FIG. 1 shows the situation before coupling. In this case point 26 is directly below the bottom 19, but bag 16 is still completely sealed off.
FIG. 2 shows the situation when container bag unit 15 is placed without force on accommodation sleeve 13. The stop is formed through contact of the bottom side of piercing piece 23 with the top side of accommodation sleeve 13. When further pressure is exerted the bottom side of piercing piece 23, which is resting against accommodation sleeve 13, will be forced into position relative to sleeve 20. In this case the break connection 24 is first destroyed, and point 26 pierces bottom 19. In the course of this the piercing piece 23 shoots off into the bag 16, as shown in FIG. 3. On further movement, the parts of break connection 24 remaining on sleeve 20 snap into groove 14, so that a snap connection is obtained. The presence of flange 22 facilitates the placing of the container bag unit on the dispensing device.

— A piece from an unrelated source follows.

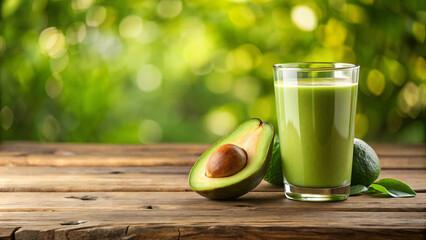 Fresh green avocado juice smoothie in glass on white background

Any plastic material known in the prior art can be used for the bag 16. The seine applies to the coupling means. It is, however, preferable to use parts which are easily connected to each other. For example, the bag can be made of high-density polyethylene and the sleeve of low-density polyethylene, materials which are relatively easily welded to each other. It is possible here that the piercing piece may not be sharp enough to pierce the bag, particularly if the bag is made of a laminate in which the outer layer is made of polyethylene. In such a case the piercing piece must be made of a much more rigid material.
FIG. 4 shows the container bag ready for transportation, with the sleeve welded onto it. The piercing means are fitted in said sleeve.
Although the invention is described above with reference to one embodiment, it must be understood that numerous modifications can be made to it without going beyond the scope of the present application. In particular, as regards the actual pumping part, the dispensing device can be designed in any other way known in the prior art. Besides, as already stated above, the piercing point 26 can be a different part from sleeve 20. In such a case measures must be taken to hold piercing piece 23 inside sleeve 20. This can be achieved by, for example, a slightly clamping connection, or by fitting a peripheral edge below piercing piece 23 or peripheral projections in sleeve 20.
It is clear from the above that the piercing piece is used only once.